One side is led by German Cardinal Walter Kasper, who has proposed that a remarried Catholic might be readmitted to the Eucharist if he or she repents the failure of the first marriage, has ruled out a return to that marriage, cannot abandon the responsibilities of the second marriage without adding to the human damage, is trying to live the second marriage “on the basis of faith” and has a desire for the sacraments.
But some powerful Vatican voices are opposed to that. Cardinals Gerhard Mueller, head of the Vatican’s doctrinal office, and Raymond Burke, an American who heads the Vatican’s highest court, have published essays on the eve of the synod arguing that changes like those Kasper envisions would effectively reverse Jesus’ admonition in Mark’s Gospel that “what God has joined together, no human being must separate.”
Meanwhile, critics inside the church bemoan the paradox that several hundred ordained, celibate men will discuss the plight of modern families. By contrast, only 14 married couples have been invited to attend, and they are observers with limited input.
But to prepare for the meeting, the Vatican sent a long questionnaire about family life in their countries to bishops around the world. In many cases, bishops forwarded them to local Catholics and asked them to speak up.
Aymond had the questionnaire posted online and in the New Orleans archdiocesan newspaper, the Clarion Herald. “We didn’t get an overwhelming response,” he said. And reviewing the results, he said, the hospitality to potential changes on matters like same-sex marriage, contraception and divorce “included every possible stance, from the extremes to the middle.”

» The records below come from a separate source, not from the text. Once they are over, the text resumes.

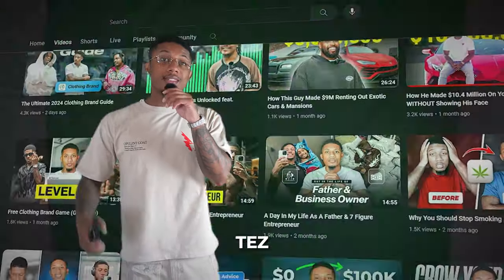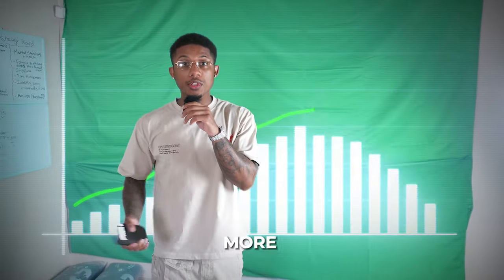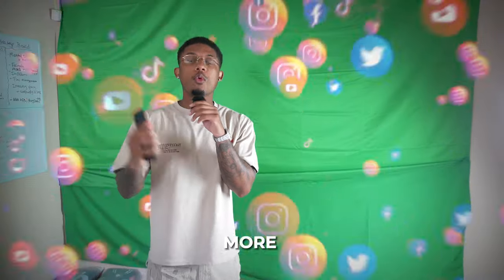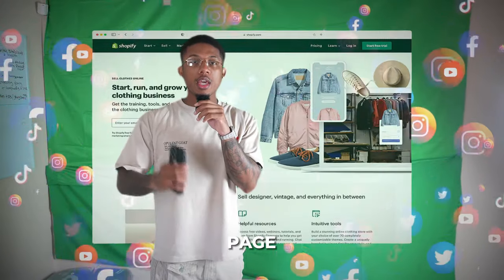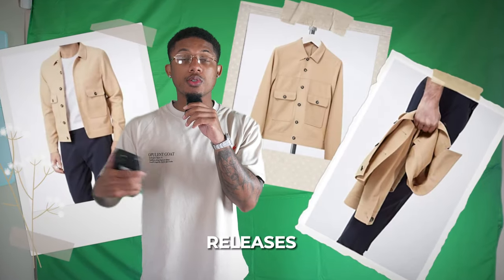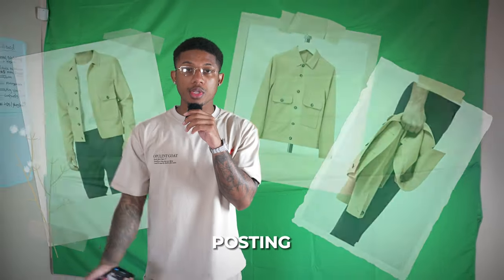YouTube, what up? It's your boy The Real Tez. Today is going to be one of the most informative videos to help you get more sales, get more engagement on your clothing brand page, and overall take way better and higher quality product pictures when you're doing your releases, doing your drops, and posting content on Instagram. So make sure you guys tap in.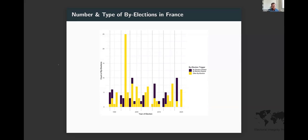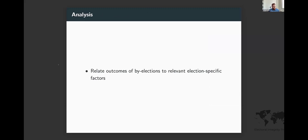A graph shows the number of by-elections in each year since the late 1980s, when the dataset begins. Yellow bars represent by-elections caused by things other than a canceled election, while purple bars show by-elections resulting from canceled contests from the Constitutional Council. Dotted lines correspond to elections to the National Assembly. By-elections to replace canceled elections tend to happen early in legislative terms.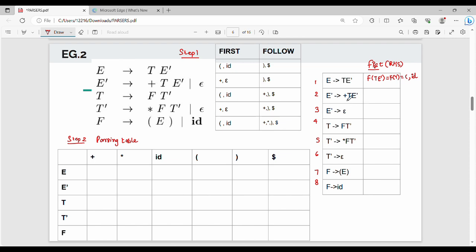For E-dash → + T E-dash, FIRST of the right-hand side is FIRST of + T E-dash, which is {plus}. For E-dash → epsilon, since epsilon appears, we use FOLLOW of the left-hand side, which is FOLLOW of E-dash. FOLLOW of E-dash gives us {right bracket, dollar}.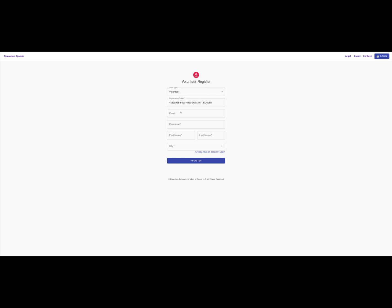You should have received an invite link that autofills the registration token and user type for volunteer if you are a 3D printer owner.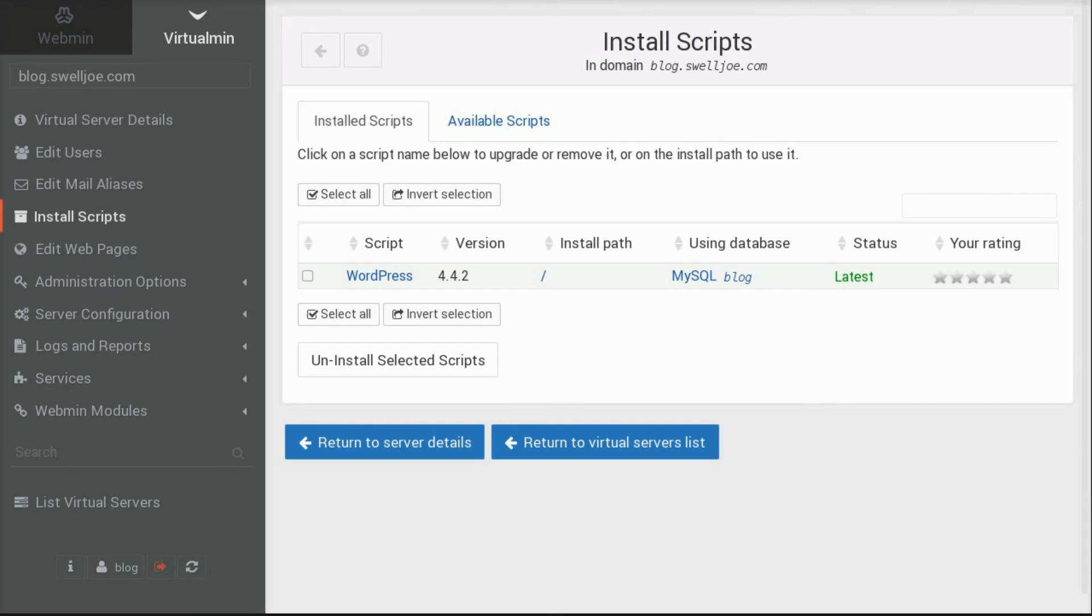All right. Thanks for watching. Be sure to check out the links below. There's tons of documentation for Virtualmin and Webmin, and there's an easy-to-use install script for Virtualmin that sets up the LAMP stack for you, and a whole lot more. And then there's some other videos on our channel, covering other Virtualmin and web hosting topics.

“It was very, very diverse,” he said.
Problem not with teachings
Like other bishops around the world, Aymond forwarded his findings to the Vatican, which incorporated them into the planning document that will guide the synod’s conversations.
Significantly, that document asserts that couples’ struggles with issues around marriage, fertility and related subjects are largely due to the church’s failure to properly educate them on its teachings, not the teachings themselves.

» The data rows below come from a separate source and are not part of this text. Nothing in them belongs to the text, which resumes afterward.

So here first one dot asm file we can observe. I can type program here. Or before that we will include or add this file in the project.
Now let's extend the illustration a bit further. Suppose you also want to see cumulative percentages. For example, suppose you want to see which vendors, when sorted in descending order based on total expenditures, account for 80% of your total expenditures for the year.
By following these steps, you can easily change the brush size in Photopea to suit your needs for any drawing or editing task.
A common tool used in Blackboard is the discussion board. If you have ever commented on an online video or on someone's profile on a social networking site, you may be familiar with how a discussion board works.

Still, the synod may provide an opening for some change, not least because, unlike his predecessors who sent staff representatives, Francis will attend and immerse himself in the discussions, Aymond said.

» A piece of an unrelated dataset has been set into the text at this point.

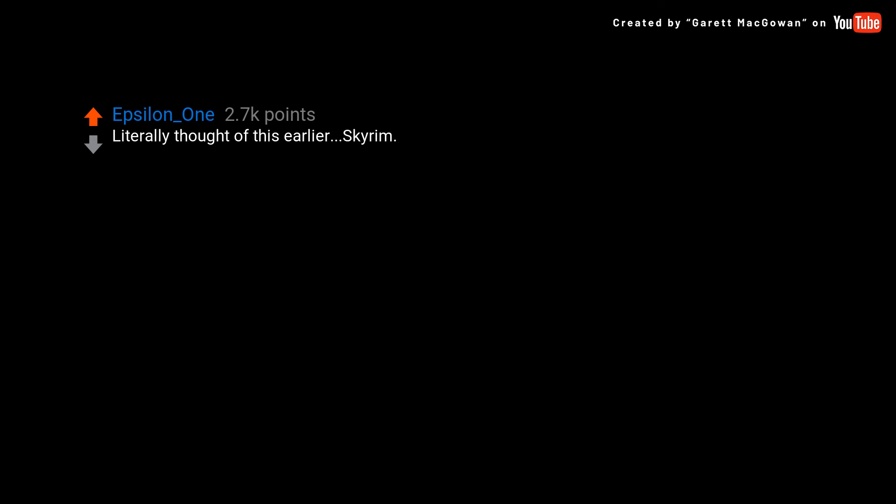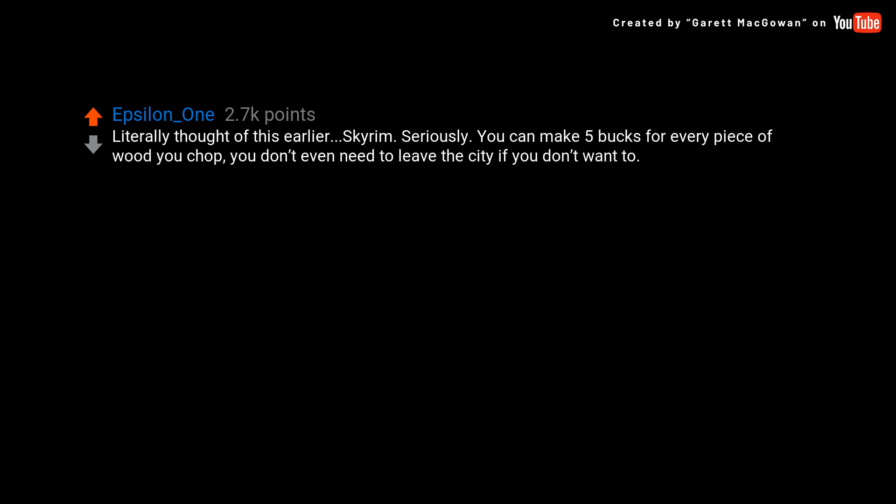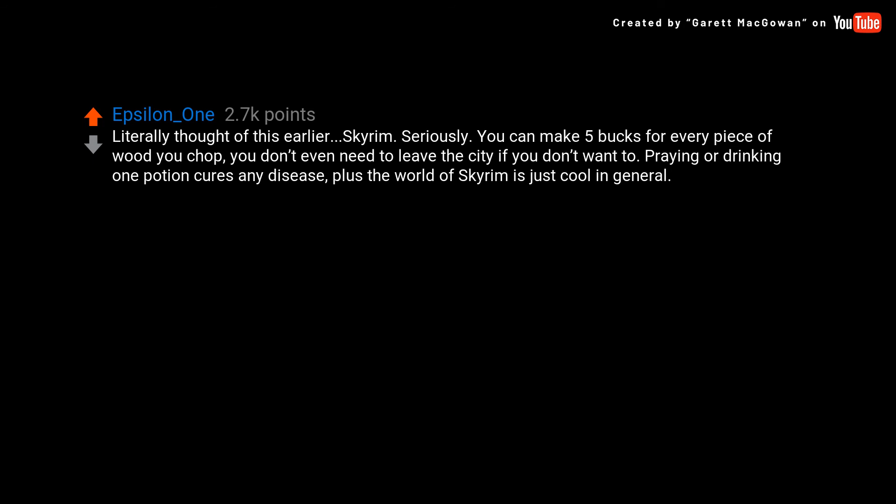Literally thought of this earlier, Skyrim. Seriously, you can make five bucks for every piece of wood you chop. You don't even need to leave the city if you don't want to. Praying or drinking one potion cures any disease. Plus the world of Skyrim is just cool in general.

It was Francis who earlier this year called an Argentine woman who had sought his advice and told her that she could receive the Eucharist despite her marriage to a divorced man, the woman’s husband said. The Vatican has said it will not comment on the conversation because it was confidential.
And speaking to reporters on his return from a trip to Brazil last year, Francis said of remarried Catholics: “I think this is the moment for mercy.”
Referring to Francis’ metaphor of the church as a “field hospital,” Aymond said the pope will “be walking in the field.”
“I’m sure he will feel that pain and empathy and will incorporate that into his pastoral care,” he said.